Prof. Keith Mayes is an expert on African American history, primarily of 1960s to present. He has special expertise on social and political movements and current issues of race and perception, as well as on topics of: • Race in the news • Race and perception • Black Men • Civil Rights commemorations • Civil Rights policies • Black Power Movement (leaders and organizations, ie. Stokely Carmichael; Black Panther Party) • Black History Month • Kwanzaa and other Black holidays • Social and racial justice, policy outcomes of the movements.

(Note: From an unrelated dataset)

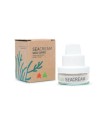 El Naturalista Sea Cream - Moisturizing and nourishing cream for leather shoes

Prof. Yuichiro Onishi is an African Americanist trained as an historian of modern America. His research concerns the history of the African American-led unfinished struggle for democracy in the twentieth century called the Black freedom movement that intersects with places rarely seen as centers of the African American experience, namely Japan and Okinawa. Presenting a historical narrative that is decidedly not a single-nation focus, his work foregrounds transnational connections that thinkers and activists on both sides of the Pacific enmeshed in social movements made in their efforts to construct the argument against the theory and practice of white supremacy.